Сычиха подала в оконце молодой девушке ситного, яиц и молока.
Обещание старухи успокоило княжну; она стала с нетерпением дожидаться ночи.
Спустя немного Цыганов вёл вполголоса разговор с Сычихою.
- Что, проснулась? - спрашивал он.
- Давно, - ответила старуха.
- Говорила с тобой?
- Нет, ничего не говорила, только жаловалась на свою хворость, - приврала Сычиха.
- Как, разве она нездорова? - испуганно спросил молодой человек.
- Головы не поднимает, лежит. Я ей и яиц, и ситного - ничего не ест, сердечная! Наказывала её не беспокоить.
- Ну, так я к ней не пойду - обеспокоишь.
- Не ходи, барин, отложи - пусть отдохнёт.
- Да, да, пусть. Я пойду поброжу по лесу.
- Что ж, барин, поди прогуляйся! Погодушка хорошая!..
Прошёл долгий весенний день, настал вечер, а там и ночь.
Уже совсем стемнело, когда к избе Сычихи подошёл измученный, усталый Цыганов; он заблудился в большом лесу и несколько часов подряд путался и едва вышел на поляну, где находилась Сычихина изба; ему страшно хотелось есть. Утолив свой голод молоком и яйцами, он растянулся на траве под деревом, в нескольких шагах от хибарки, предварительно наказав старухе снести корма и питья его лошадям, которые стояли в неглубоком овраге привязанными к дереву; там находилась и телега с кибиткою.

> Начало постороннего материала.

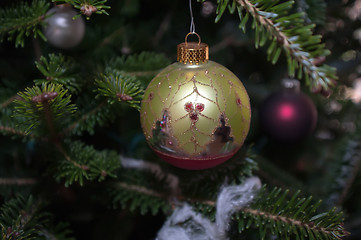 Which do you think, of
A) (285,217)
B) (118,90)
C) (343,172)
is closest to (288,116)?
(343,172)

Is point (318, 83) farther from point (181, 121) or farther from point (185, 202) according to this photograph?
point (185, 202)

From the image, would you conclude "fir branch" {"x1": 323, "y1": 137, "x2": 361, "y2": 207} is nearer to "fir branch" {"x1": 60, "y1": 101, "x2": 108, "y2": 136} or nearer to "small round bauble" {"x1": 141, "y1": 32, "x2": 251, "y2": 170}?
"small round bauble" {"x1": 141, "y1": 32, "x2": 251, "y2": 170}

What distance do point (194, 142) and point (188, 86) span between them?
76mm

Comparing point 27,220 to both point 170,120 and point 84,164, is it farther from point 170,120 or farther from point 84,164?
point 170,120

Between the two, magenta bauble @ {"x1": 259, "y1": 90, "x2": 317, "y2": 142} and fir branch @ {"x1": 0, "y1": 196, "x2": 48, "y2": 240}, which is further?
magenta bauble @ {"x1": 259, "y1": 90, "x2": 317, "y2": 142}

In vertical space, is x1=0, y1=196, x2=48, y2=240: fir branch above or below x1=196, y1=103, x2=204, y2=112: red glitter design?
below

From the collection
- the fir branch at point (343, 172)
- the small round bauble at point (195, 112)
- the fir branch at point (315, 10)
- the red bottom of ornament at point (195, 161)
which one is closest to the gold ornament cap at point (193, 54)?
the small round bauble at point (195, 112)

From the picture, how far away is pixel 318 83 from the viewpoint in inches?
15.7

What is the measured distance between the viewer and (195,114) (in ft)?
1.52

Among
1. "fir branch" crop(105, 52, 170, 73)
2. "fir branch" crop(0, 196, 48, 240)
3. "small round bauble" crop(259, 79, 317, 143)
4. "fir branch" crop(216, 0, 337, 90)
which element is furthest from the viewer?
"small round bauble" crop(259, 79, 317, 143)

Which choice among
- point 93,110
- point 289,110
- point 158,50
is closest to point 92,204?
point 93,110

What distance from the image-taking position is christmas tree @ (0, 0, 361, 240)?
1.54 ft

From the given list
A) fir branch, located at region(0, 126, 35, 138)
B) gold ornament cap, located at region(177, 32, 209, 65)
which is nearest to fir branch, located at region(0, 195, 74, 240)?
fir branch, located at region(0, 126, 35, 138)

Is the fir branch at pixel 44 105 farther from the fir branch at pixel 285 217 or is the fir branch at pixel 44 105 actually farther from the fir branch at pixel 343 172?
the fir branch at pixel 343 172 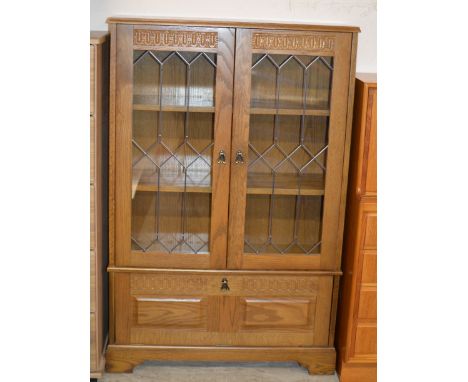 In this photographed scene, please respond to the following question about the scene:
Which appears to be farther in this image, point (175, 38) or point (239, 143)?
point (239, 143)

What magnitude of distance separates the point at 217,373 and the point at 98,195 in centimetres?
94

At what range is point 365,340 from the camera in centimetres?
261

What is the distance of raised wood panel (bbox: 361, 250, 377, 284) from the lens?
251cm

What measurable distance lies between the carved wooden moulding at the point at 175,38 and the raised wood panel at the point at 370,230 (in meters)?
0.87

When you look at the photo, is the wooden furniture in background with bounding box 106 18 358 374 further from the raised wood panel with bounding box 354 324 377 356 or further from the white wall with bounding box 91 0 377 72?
the white wall with bounding box 91 0 377 72

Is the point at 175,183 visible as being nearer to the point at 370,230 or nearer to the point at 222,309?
the point at 222,309

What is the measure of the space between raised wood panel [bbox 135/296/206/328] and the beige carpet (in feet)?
0.72

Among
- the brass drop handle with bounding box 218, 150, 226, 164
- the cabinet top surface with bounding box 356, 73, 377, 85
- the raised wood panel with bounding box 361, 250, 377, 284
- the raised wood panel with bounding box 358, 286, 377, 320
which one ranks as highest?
the cabinet top surface with bounding box 356, 73, 377, 85

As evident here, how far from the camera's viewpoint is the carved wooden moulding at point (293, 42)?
2398mm

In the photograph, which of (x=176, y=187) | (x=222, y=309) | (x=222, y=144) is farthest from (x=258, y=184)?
(x=222, y=309)

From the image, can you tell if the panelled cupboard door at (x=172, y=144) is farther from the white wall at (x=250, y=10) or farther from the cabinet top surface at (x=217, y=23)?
the white wall at (x=250, y=10)

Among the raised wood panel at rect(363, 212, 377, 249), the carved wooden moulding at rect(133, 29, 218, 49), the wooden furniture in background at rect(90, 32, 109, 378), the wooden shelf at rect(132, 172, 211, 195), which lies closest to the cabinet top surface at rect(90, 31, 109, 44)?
the wooden furniture in background at rect(90, 32, 109, 378) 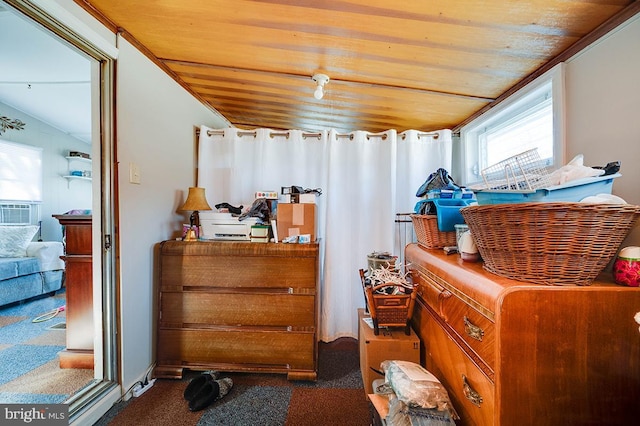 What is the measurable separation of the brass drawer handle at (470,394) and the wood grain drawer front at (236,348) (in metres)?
0.91

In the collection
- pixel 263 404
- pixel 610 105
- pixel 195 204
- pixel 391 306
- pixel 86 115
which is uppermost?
pixel 86 115

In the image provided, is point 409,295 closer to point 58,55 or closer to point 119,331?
point 119,331

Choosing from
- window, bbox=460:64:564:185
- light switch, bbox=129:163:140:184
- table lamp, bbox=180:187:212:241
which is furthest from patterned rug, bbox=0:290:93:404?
window, bbox=460:64:564:185

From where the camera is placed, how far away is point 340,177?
2.09m

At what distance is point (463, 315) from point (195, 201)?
177 centimetres

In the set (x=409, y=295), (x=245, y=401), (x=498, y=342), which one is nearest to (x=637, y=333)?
(x=498, y=342)

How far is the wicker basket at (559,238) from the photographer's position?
0.64 metres

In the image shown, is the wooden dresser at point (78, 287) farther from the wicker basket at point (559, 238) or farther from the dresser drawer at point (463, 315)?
the wicker basket at point (559, 238)

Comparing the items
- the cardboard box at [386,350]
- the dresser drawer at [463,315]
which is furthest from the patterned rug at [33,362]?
the dresser drawer at [463,315]

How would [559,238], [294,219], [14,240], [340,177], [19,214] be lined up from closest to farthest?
[559,238]
[294,219]
[340,177]
[14,240]
[19,214]

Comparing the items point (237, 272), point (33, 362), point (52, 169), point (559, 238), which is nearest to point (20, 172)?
point (52, 169)

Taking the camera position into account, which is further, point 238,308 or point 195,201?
point 195,201

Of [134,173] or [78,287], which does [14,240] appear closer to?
[78,287]

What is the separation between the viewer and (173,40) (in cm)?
138
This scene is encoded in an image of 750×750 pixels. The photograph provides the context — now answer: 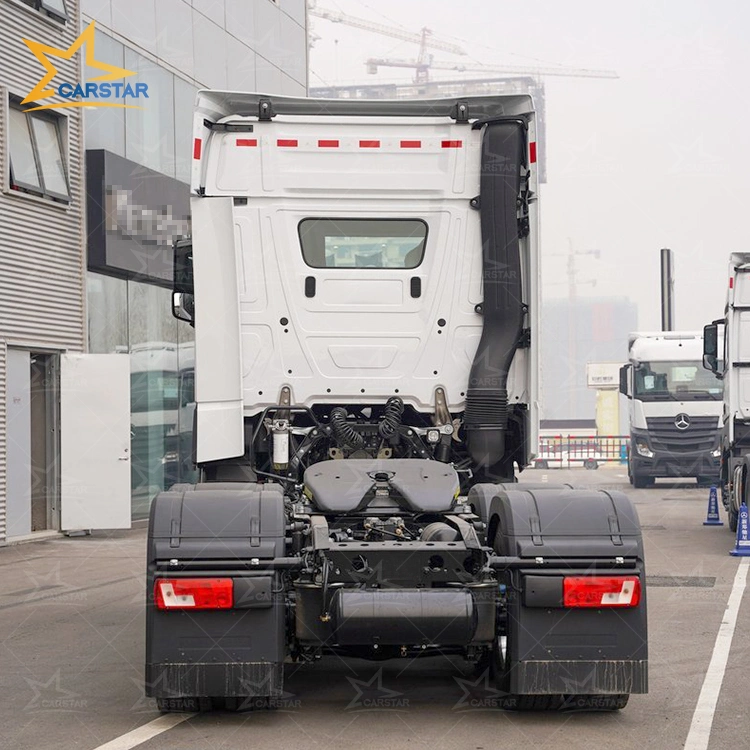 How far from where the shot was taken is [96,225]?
20.5m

Цыганов не спешил объясняться с княжною, он избегал или медлил с объяснением. Честь в нём была ещё не совсем потеряна, ему совестно было взглянуть в глаза Софье, с ней заговорить. Николай сознавал большую вину перед нею. Он раскаивался в своём бесчестном поступке и, услышав от Сычихи о мнимой болезни княжны, хотел уже отвезти её обратно в Каменки. Но страсть его не допустила до этого.
"Моя или ничья! - думал Цыганов, лёжа под деревам. - Попала в руки, моею и будет! Во что бы то ни стало, а её любви я добьюсь! Пусть немного поживёт у Сычихи, а там уговорю со мною ехать в какой-нибудь отдалённый город. Не поедет - силою увезу, там и повенчаемся. Волей или неволей, а сиятельные князь и княгиня зятем меня должны назвать. Что же, теперь я не простой, сам в дворянстве состою!"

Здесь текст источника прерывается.